Shelby Foote - Stars in Their Courses - Gettysburg Campaign audiobook- narrated by Shelby Foote (Top 5 audiobooks of all time, IMO)
The Growth of the American Republic [Volumes I & II] Samuel Eliot Morison and Henry Steele Commager available from Amazon - get the older editions.
There was a World War II discussion thread here at FR and I missed it?
I discovered the map long before I discovered the tabulation of export values. The map came from a website called "deadconfederates.com" and was created to debunk the theory that the South had any significant economic concerns regarding tariffs.
The map, showing that most of the tariff revenues were paid by New York, was intended to demonstrate that the South paid very little in the way of tariffs, and so the cost of running the government was born mostly by the North. It was intended to debunk "tariffs" as a valid cause of the war.
Then I ran across the fact (from various sources) that the South produced the vast bulk of all export value, and I suddenly realized this was a very serious conundrum.
If the South was producing almost all the money to pay for imports, how than was all the revenue ending up in New York? "I smell a skunk." I thought.
What I had done was to stumble on what I believe to be the actual cause of the war. Money. Not slavery, money. Lots and lots of money that would have been lost to the North if the South became independent.
*THAT* is why the war started.
Thomas DiLorenzo, The Real Lincoln
Carl Sandburg’s Lincoln is garbage, full of very basic factual mistakes.
Amen
For years and years, from ... think think ... 2007 to 2015, roughly, every day. It was World War +70 years.
It was a great experience. On of the things I’ve used in teaching is the fact that, around 2013, when the U.S. finally achieved a victory in Africa, one of the participants, said, “I thought we were going to lose!!!” I asked if he were contemporary with the events, and he said, no, he’d just been reading every day for years, as the news got worse and worse, until finally - light!
THANK YOU!!! for that link.
Makes sense. Money is always an issue. The colonists got upset over a two penny tax on tea. And South Carolina almost seceded over tariffs back in the 1830s...
Yes, I remember that one; I posted in it sometimes. Thanks for refreshing my aging memory.
You’re welcome. It’s going to be so informative. HOmer finds all sorts of contemporaneous sources to help us live with the events.
You’re welcome.
Second that. Edited by Mark Twain.

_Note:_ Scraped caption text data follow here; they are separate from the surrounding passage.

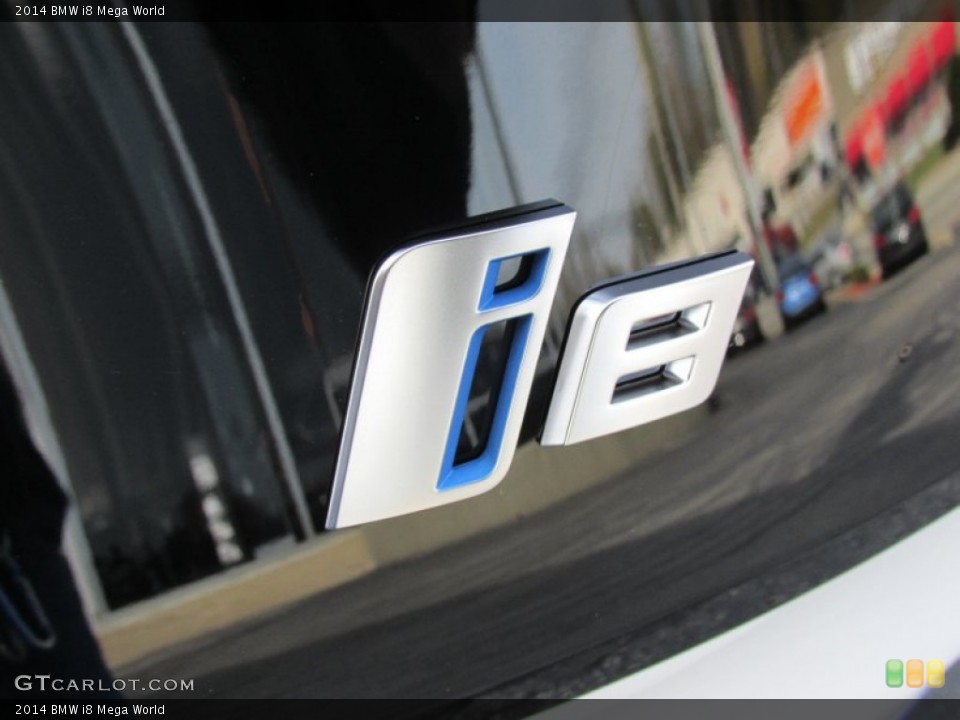 2014 BMW i8 Badges and Logos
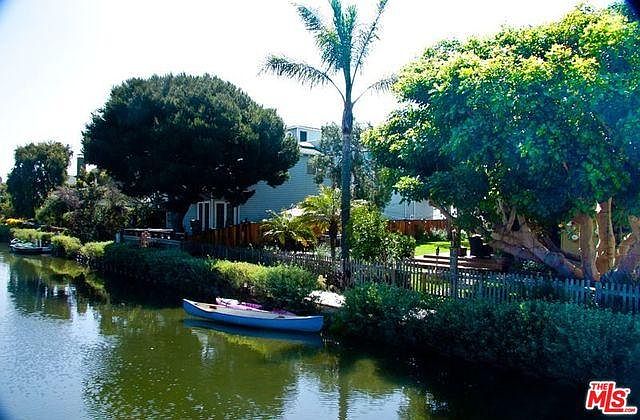 2nd image of 212 Sherman Canal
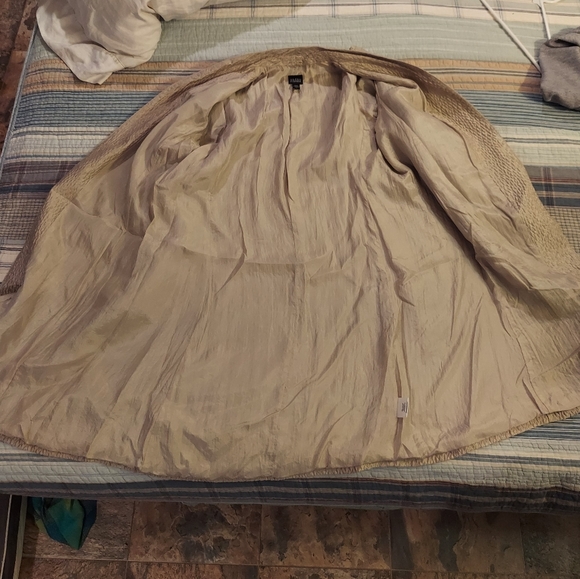 Eileen Fisher silk quilted champagne lightweight coat - Picture 6 of 10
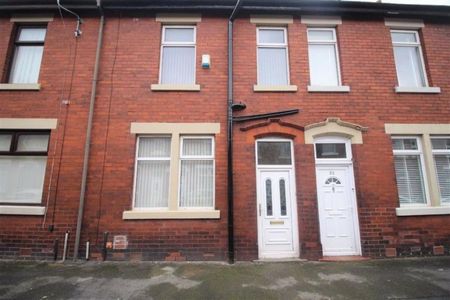 38, Clyde Street, Preston - Photo 2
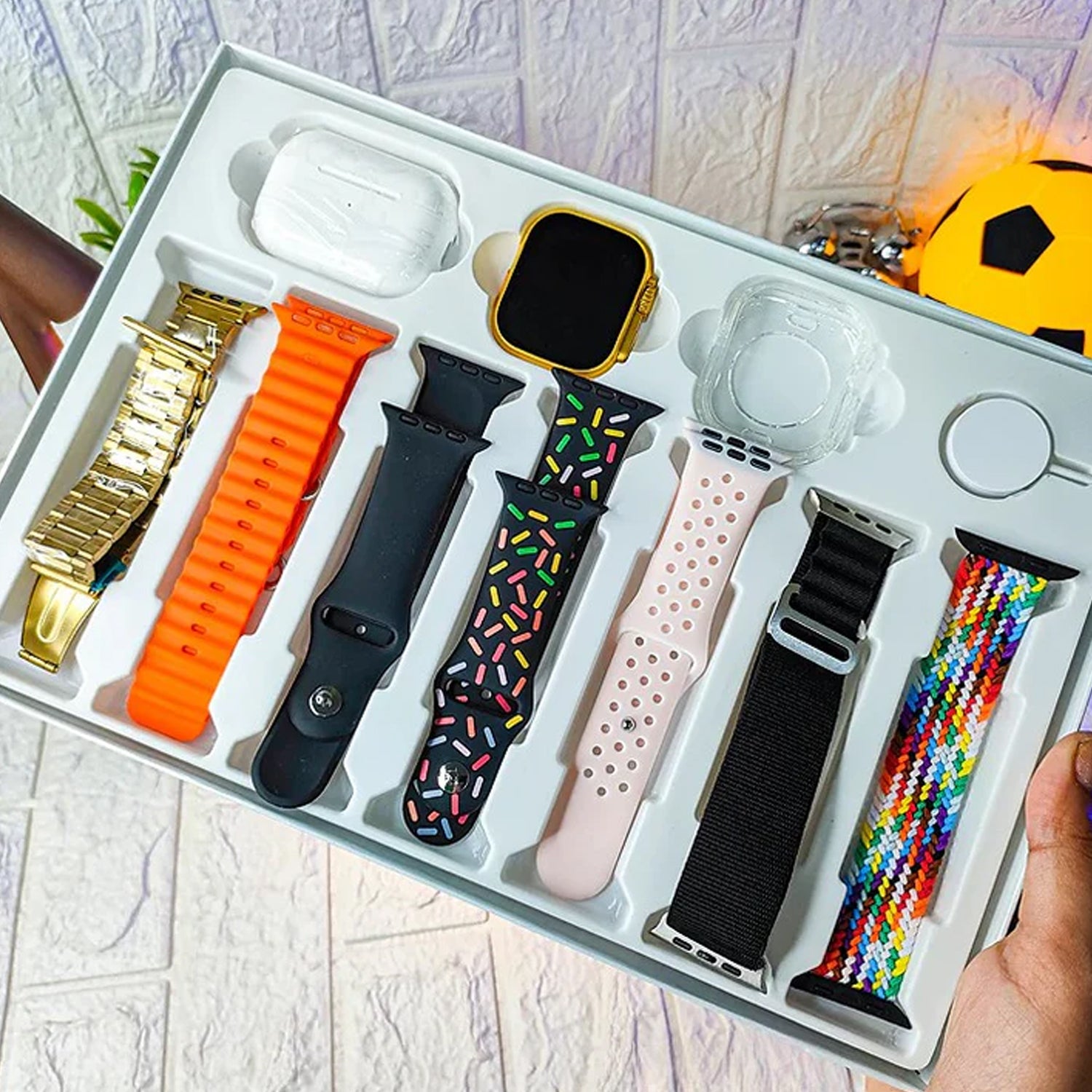 10 In1 Set Ultra Smart Bluetooth Calling Smartwatch + Earphones With Transparent Screen Guard Watch With Seven Classic Straps (Mix Color) - Springkart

What a hero Grant was!
I highly recommend the Fremantle book about the only British officer who reported on the Civil War...unofficially, and on leave. We have the rights to the book here in Hollywood.

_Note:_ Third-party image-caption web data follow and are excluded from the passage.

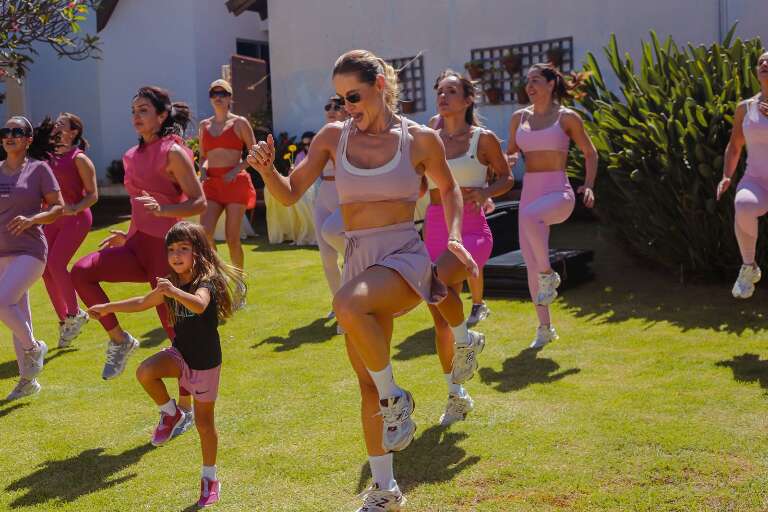 Festão de 39 anos teve treino com amigas às 9h da manhã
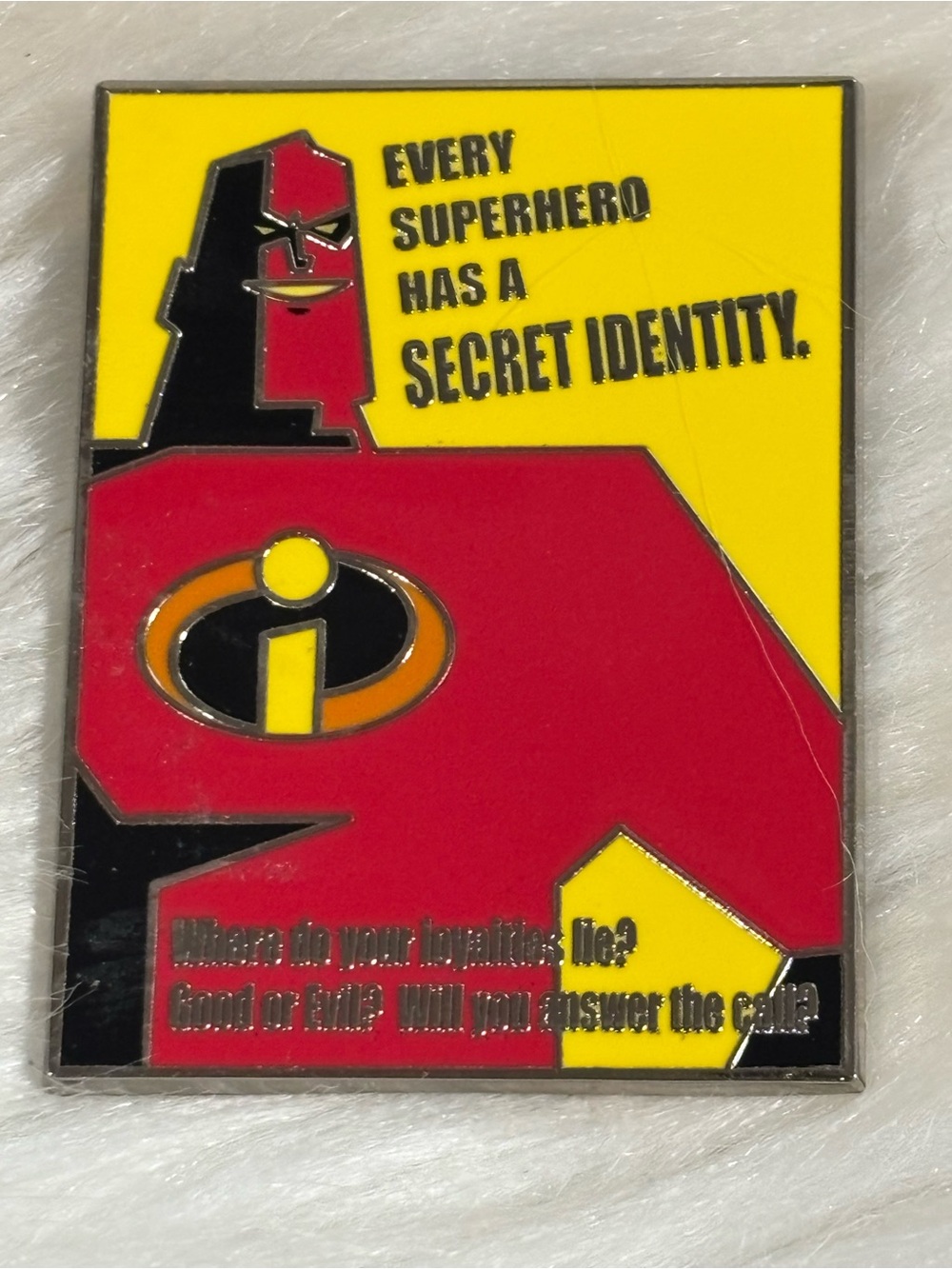 2021 Disney LE Pin Heroes vs Villains Pixar Recruitment Poster Mr. Incredible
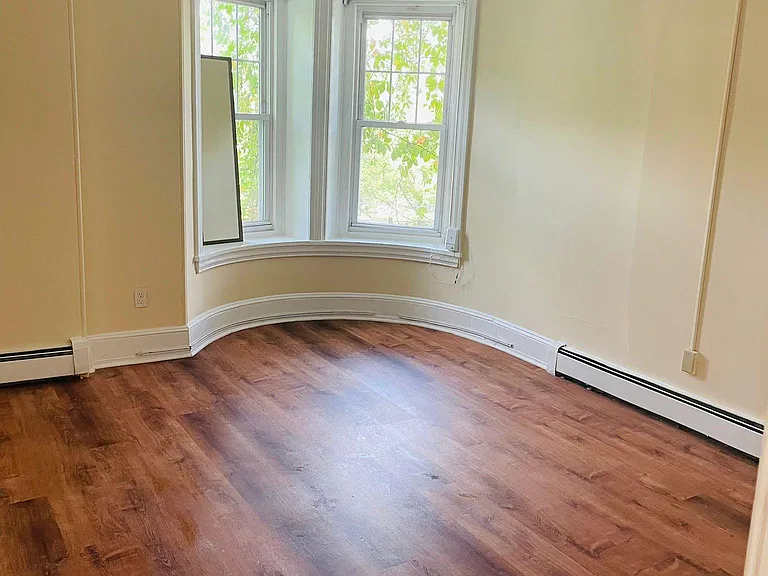 139 Rochelle Ave #2FM — Photo 1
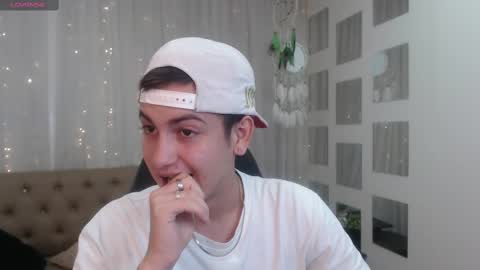 Snapshot of cerokershelby chatting on December 2024 05:40:02 AM Ceroke online show from December 2024 05:40:02 AM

Virtually all of them were out of New York/New England.
And, pray tell, why werent more out of the Southern States?
This was a question that I myself had spent quite awhile wondering, and i'm still not sure I have a good answer for that, but I did happen to run across a fellow who gave me the best explanation for it I have yet heard. (and he has a particularly important perspective on the topic, he is descended from those very shippers of New York that controlled the trade. It was their family business. ) To put it most simply, it was the consequence of money and a near monopoly on the existing shipping industry. It's like they "Standard Oiled" the Southern manufactures and shipping industries out of business.
I will try to find the link for this fellow's explanation of it, but it is deep in another thread on this subject, but for whatever reason, virtually the entire shipping industry had become controlled out of New York, Boston and Philadelphia.
They set their rates at just below the costs of hiring a foreign ship and crew per the Navigation act of 1817. The Southern growers knew they were getting screwed, but couldn't do anything about it.
Agreed, that’s an interesting read.
One Gallant Rush - the story of the Massachusetts 54th Infantry at Battery Wagner. Compelling.
The slavers were among the richest people on the planet at the time and they could easily have floated their own fleet if they wanted to. They didn’t. The Navigation Act did NOTHING to stand in their way.